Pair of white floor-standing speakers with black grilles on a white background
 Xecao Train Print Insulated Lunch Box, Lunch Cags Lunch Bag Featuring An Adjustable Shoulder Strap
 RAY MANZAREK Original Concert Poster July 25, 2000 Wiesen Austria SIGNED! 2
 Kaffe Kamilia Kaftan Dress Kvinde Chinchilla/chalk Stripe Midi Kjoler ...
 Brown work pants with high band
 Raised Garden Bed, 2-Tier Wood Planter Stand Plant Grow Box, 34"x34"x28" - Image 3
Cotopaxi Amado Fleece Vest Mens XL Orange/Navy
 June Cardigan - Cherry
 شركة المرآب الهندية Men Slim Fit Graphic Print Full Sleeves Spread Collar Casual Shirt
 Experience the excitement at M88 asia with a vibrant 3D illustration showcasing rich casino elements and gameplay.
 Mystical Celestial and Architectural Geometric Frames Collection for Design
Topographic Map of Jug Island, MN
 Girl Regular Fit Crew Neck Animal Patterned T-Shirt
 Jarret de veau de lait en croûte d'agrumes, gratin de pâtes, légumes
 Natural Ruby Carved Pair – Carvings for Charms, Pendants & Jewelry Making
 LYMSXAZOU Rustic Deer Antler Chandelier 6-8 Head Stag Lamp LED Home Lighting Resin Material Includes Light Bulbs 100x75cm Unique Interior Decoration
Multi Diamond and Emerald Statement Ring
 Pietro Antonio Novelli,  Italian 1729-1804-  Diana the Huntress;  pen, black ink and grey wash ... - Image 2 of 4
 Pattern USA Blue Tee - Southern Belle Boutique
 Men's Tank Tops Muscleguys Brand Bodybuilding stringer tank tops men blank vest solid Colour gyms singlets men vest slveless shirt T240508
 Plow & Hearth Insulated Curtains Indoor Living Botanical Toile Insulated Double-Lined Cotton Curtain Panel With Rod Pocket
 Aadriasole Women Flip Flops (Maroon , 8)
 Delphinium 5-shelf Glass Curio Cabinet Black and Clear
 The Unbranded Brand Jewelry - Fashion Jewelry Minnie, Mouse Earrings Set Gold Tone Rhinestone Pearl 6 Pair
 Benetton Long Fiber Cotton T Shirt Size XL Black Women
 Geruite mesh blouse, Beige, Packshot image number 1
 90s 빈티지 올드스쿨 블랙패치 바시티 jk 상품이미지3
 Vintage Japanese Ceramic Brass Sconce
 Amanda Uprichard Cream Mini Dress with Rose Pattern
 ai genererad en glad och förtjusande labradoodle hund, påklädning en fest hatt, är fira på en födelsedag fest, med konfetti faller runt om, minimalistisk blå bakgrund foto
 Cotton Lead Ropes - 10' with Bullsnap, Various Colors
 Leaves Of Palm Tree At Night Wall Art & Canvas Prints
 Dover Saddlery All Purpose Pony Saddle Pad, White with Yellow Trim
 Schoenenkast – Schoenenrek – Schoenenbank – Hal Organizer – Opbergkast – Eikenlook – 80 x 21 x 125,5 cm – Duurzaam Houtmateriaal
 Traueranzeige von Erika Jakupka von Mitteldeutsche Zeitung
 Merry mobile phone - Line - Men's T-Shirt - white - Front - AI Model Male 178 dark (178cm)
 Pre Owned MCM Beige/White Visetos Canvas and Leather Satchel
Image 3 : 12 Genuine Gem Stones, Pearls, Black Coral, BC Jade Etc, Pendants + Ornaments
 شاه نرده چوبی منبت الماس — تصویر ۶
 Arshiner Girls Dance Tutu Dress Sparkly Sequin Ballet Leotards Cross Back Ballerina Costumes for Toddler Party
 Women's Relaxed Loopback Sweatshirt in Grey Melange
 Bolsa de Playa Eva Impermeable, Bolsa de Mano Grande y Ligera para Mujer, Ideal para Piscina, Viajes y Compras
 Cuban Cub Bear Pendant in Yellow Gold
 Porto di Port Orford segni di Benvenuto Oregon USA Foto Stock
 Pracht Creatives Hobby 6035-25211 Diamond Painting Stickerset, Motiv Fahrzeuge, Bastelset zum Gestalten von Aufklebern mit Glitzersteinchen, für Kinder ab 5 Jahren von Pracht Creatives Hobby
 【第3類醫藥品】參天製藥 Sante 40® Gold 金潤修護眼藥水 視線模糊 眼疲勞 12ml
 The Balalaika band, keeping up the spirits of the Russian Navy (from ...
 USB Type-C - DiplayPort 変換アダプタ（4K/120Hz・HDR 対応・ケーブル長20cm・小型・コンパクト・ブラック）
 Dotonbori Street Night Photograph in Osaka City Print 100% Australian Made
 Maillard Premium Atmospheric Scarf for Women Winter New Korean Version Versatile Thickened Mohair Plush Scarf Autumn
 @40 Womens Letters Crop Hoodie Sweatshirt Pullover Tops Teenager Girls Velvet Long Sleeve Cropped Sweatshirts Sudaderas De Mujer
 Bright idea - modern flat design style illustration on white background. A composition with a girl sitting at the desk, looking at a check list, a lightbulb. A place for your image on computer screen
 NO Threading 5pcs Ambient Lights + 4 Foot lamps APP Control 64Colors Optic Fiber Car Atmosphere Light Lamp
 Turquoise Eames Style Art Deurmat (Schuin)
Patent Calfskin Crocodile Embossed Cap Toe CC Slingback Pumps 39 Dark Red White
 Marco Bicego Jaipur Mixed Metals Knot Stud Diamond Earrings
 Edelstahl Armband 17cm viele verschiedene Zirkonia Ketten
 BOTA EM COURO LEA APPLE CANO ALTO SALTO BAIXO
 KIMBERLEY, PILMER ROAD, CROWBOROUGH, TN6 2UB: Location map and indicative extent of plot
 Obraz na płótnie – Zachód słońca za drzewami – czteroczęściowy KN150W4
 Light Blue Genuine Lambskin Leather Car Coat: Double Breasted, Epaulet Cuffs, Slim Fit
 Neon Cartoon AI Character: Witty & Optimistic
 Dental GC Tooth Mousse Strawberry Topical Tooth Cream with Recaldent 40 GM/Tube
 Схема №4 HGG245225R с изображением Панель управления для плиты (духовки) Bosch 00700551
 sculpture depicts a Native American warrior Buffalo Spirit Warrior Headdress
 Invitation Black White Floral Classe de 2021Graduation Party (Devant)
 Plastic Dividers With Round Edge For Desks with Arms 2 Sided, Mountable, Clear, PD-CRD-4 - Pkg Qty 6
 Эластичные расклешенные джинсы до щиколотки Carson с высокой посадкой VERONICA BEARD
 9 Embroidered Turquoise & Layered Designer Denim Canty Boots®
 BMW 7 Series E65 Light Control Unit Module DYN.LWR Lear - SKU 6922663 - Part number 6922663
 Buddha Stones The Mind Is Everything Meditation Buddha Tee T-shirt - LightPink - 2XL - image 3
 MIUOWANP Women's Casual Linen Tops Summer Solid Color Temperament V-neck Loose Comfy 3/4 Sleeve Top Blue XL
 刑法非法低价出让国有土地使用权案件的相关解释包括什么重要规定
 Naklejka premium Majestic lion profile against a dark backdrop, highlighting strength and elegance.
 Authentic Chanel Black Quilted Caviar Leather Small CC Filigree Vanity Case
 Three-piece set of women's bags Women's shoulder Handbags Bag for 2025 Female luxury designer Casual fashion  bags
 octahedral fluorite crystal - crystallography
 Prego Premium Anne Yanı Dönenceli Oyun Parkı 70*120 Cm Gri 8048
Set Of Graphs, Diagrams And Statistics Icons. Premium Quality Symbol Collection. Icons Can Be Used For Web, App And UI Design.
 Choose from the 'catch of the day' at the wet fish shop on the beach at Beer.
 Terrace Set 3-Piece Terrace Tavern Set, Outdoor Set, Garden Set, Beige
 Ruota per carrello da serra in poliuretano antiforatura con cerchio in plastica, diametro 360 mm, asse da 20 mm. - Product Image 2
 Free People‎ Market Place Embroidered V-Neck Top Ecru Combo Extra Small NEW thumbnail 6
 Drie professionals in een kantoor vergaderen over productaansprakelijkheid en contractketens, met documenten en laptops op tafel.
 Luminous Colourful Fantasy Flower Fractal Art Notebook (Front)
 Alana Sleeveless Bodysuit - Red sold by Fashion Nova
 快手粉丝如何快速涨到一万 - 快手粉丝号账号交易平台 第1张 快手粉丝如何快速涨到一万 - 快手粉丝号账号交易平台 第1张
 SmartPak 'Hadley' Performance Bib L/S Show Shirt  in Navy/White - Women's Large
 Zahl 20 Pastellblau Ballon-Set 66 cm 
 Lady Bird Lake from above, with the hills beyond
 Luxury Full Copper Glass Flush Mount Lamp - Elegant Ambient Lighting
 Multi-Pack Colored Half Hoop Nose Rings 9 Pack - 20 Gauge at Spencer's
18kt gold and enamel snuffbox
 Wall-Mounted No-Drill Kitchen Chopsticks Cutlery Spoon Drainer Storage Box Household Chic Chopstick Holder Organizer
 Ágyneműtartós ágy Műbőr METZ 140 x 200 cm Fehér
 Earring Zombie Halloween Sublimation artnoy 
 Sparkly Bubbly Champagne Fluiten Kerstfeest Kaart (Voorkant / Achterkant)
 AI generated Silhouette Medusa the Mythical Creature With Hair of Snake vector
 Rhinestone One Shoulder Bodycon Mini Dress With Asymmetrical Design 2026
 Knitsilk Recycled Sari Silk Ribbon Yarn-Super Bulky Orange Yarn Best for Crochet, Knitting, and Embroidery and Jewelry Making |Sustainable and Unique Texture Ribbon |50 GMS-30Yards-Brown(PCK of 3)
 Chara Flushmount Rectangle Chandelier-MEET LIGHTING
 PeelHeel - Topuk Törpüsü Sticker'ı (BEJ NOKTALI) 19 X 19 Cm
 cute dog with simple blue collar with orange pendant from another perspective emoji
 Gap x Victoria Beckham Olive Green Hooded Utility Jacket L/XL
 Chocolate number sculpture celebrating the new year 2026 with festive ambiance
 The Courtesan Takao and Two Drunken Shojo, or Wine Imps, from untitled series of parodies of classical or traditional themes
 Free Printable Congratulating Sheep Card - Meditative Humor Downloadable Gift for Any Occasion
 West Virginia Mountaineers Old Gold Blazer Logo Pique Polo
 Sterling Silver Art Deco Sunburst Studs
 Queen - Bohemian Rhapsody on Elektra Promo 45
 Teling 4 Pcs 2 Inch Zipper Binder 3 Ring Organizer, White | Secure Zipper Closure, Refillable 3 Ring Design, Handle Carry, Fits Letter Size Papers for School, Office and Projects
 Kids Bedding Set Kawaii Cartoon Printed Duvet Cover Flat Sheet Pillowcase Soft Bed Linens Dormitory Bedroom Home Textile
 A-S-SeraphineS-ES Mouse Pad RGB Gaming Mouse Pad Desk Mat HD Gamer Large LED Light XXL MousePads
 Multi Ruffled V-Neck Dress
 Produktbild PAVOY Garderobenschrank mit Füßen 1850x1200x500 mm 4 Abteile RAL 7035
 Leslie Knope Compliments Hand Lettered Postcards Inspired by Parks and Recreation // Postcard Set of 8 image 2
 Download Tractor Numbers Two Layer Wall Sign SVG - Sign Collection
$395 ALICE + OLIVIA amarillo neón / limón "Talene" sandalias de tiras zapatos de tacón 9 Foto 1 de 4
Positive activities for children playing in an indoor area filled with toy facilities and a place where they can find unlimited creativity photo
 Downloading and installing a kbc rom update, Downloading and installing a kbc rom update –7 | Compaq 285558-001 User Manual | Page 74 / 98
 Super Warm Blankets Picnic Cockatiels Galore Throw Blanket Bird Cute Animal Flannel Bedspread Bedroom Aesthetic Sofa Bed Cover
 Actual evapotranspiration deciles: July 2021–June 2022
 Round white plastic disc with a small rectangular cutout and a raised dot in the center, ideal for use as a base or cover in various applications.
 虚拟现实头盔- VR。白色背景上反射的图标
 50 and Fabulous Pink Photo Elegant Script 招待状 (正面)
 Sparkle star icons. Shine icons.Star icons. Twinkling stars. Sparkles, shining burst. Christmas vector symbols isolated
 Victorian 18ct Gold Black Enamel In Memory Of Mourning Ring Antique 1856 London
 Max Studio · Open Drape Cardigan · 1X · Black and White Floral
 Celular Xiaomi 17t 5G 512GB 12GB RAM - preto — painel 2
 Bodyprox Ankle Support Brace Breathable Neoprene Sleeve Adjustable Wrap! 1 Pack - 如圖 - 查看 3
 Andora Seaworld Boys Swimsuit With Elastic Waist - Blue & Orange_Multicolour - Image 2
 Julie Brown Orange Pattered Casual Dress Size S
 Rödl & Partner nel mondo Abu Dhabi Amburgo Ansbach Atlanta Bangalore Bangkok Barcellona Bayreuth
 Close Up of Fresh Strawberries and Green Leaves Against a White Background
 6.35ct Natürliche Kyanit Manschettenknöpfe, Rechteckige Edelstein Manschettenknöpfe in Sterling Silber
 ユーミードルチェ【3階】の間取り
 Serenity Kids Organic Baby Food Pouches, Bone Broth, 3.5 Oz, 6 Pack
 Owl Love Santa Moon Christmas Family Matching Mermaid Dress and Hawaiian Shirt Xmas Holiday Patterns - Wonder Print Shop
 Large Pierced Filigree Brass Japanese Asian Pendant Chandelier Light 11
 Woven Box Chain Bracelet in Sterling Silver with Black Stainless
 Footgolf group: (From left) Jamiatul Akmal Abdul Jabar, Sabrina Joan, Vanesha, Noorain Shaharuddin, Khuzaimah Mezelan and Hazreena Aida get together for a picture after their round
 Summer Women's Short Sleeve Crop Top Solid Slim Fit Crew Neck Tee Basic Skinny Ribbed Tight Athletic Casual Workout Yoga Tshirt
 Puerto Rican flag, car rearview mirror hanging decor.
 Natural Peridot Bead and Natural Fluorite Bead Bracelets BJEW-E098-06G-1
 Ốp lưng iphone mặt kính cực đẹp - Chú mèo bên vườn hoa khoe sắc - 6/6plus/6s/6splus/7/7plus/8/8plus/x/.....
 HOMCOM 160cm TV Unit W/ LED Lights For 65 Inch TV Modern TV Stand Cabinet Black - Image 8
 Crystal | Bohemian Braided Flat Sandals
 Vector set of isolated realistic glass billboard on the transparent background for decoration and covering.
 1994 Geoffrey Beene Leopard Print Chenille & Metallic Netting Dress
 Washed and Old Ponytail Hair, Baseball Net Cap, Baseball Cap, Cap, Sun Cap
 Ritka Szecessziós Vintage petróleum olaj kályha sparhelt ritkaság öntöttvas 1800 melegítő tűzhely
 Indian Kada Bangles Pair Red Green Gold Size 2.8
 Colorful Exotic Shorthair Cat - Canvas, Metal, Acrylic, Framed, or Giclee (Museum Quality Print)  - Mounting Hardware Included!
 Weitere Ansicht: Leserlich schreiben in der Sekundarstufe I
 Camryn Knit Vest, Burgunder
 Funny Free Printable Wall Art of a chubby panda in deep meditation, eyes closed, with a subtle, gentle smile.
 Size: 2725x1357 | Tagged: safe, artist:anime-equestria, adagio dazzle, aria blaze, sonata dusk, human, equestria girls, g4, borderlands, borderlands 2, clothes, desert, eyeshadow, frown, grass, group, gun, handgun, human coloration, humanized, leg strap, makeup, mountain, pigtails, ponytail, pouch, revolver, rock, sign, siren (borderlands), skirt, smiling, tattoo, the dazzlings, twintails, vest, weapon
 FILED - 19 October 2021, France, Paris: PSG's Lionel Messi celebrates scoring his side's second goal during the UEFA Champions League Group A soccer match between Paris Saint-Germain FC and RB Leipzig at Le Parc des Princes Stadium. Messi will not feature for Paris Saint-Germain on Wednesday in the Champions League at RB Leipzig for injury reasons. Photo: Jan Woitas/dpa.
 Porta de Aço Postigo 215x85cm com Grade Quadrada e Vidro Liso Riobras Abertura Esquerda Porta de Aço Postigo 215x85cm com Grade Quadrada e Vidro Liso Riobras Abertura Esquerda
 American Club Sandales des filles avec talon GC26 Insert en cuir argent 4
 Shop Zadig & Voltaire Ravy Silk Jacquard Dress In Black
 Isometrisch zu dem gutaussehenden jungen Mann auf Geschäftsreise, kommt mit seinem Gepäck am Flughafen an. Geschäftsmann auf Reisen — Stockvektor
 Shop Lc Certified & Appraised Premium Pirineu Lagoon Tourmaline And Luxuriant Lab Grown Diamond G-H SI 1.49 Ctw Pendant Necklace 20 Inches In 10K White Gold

§ Required action
Give back, exactly as written, the stretch from the line with "Close Up of" through the line with "Large Pierced Filigree", and no other lines from the records above.

§ Output for this exercise
 Close Up of Fresh Strawberries and Green Leaves Against a White Background
 6.35ct Natürliche Kyanit Manschettenknöpfe, Rechteckige Edelstein Manschettenknöpfe in Sterling Silber
 ユーミードルチェ【3階】の間取り
 Serenity Kids Organic Baby Food Pouches, Bone Broth, 3.5 Oz, 6 Pack
 Owl Love Santa Moon Christmas Family Matching Mermaid Dress and Hawaiian Shirt Xmas Holiday Patterns - Wonder Print Shop
 Large Pierced Filigree Brass Japanese Asian Pendant Chandelier Light 11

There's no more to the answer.